One part smart, one part stupid and three parts jokes about body parts, the extremely raunchy "Neighbors" is a strange success story.

It's nobody's idea of a well-structured and logically detailed screenplay, even though its premise -- new parents battling frat house neighbors -- springs from a high-concept idea that could've come from scriptwriting software or a research facility. Which brings us to one of the movie's better early jokes: Sizing up the perpetually shirtless kegmeister played by Zac Efron, Seth Rogen wonders if his adversary was "designed in a laboratory."

Zac Efron's multidirectional appeal, his boy-toy-ness, takes on a darker hue in "Neighbors."

This is familiar tit-for-tat material, predating even the days when Laurel and Hardy went to war against James Finlayson. Parental newbies Mac (Rogen) and Kelly (Rose Byrne) are besotted with their infant daughter, and getting used to home ownership, sleep deprivation and the frustrations of a curtailed sex life. Then the new neighbors move in: a fraternity known for its "legendary ragers." Efron plays the alpha male fraternity president, Teddy, with the determined glare of a sociopathic boy-man, nervous about life after college.

Directed by Nicholas Stoller, "Neighbors" sets up a series of conflicts and vows of revenge as the suburban couple goes head-to-head with the bong-addled, beer-sloshing pledges next door. Dave "The Other Franco" Franco portrays Teddy's loyal best friend; Christopher Mintz-Plasse is Scoonie, the party boy with something extra. The script by Andrew Jay Cohen and Brendan O'Brien is extremely spotty, going for one too many gags built on the gag reflex rather than the gag. Used condoms, curious infants, lactating mothers in pain and plaster-cast genitalia lead the list, and it's a looooong list.

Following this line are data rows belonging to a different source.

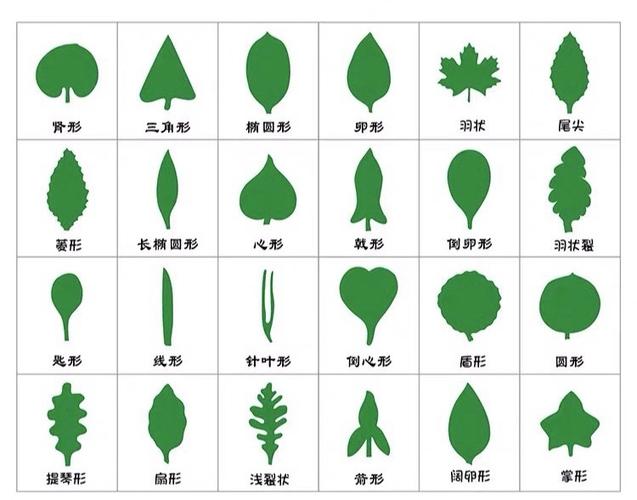 树叶的形状为什么是各种各样的？为什么叶子呢-图2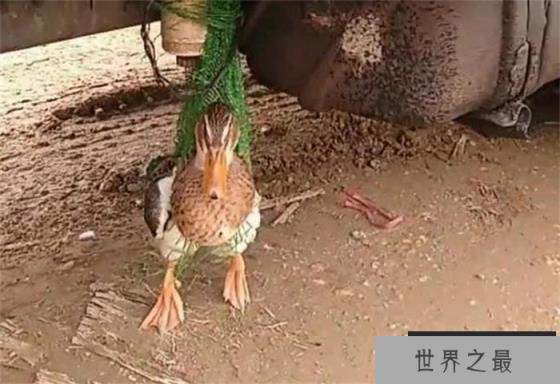 世界上速度最快的鸭子 时速100公里(野生涡轮增鸭)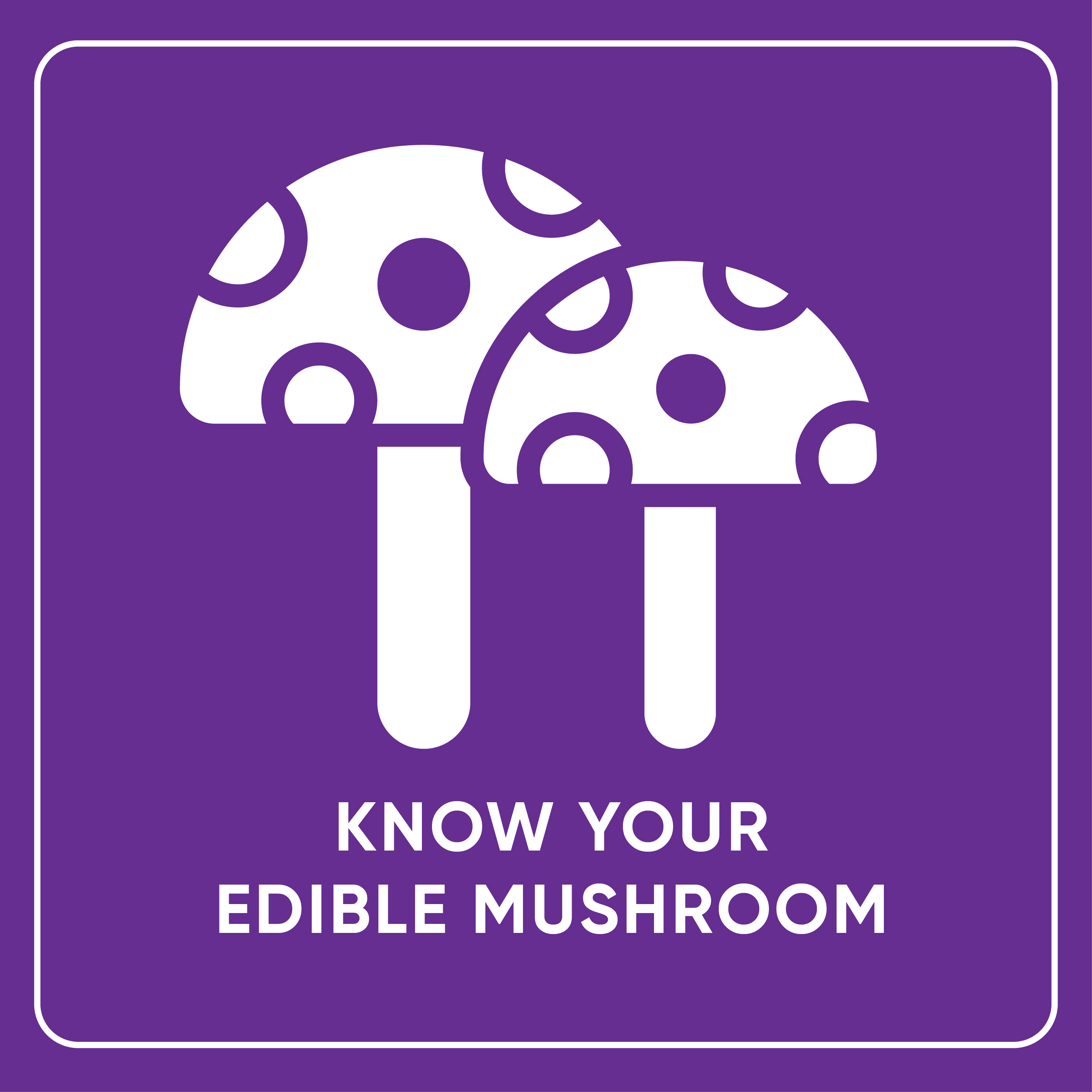 Know your Edible Mushrooms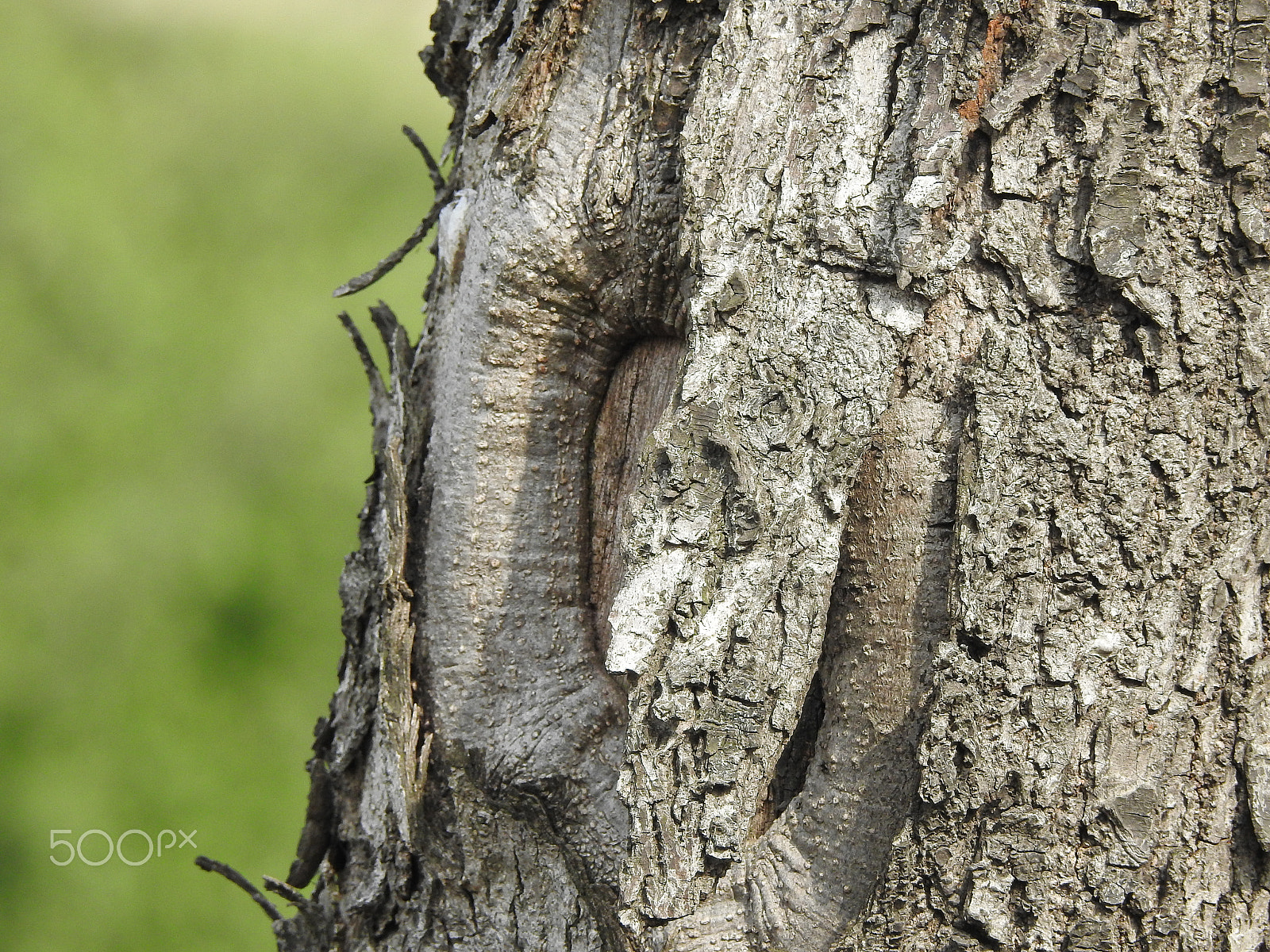 Nikon COOLPIX P900s sample photo. Tree bark in spring photography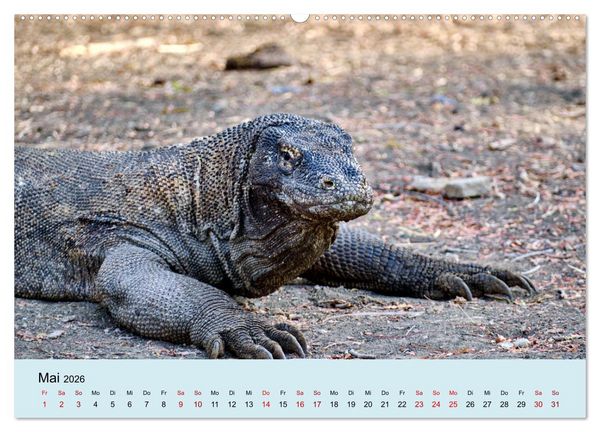 Produktbild: Indonesien - Die kleinen Sundainseln (hochwertiger Premium Wandkalender 2026 DIN A2 quer), Kunstdruck in Hochglanz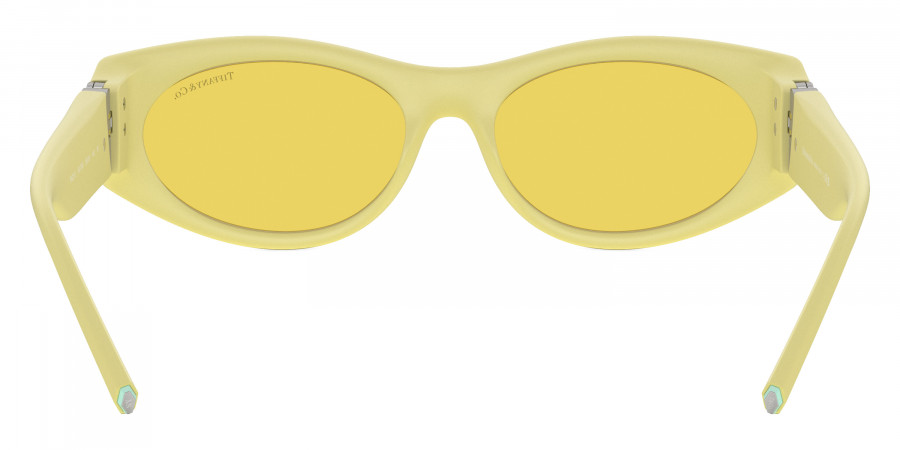 Tiffany™ - TF4222U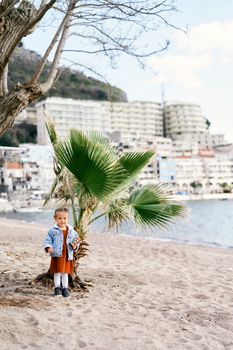 Little girl in a dress and a denim jacket with a toy in her arm stands on the background of a palm tree on the beach in the city of Rafailovici, Montenegro. High quality photo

But Stoller, whose work I like -- "Forgetting Sarah Marshall" and "Get Him to the Greek" were both funny and a little bit insightful -- has a knack for delivering commercial comedy with some interesting detours and semi-improvised flourishes.

Early on, when Mac and Kelly rehearse the way they plan to tell their neighbors to keep the noise down, a simple exchange builds and expands in ridiculous and clever ways.

Efron has one major disadvantage. He's not a witty performer.

When Teddy becomes more and more destructive in his attempts to get Mac and company to back down, the character transforms into a creep, and Efron's strategy is to play the meanness for real. Mistake. There's a touch of "Pineapple Express," another Rogen project, to this film's violent action climax. And yet the good jokes, some dirty, some cleaner, keep sneaking in there.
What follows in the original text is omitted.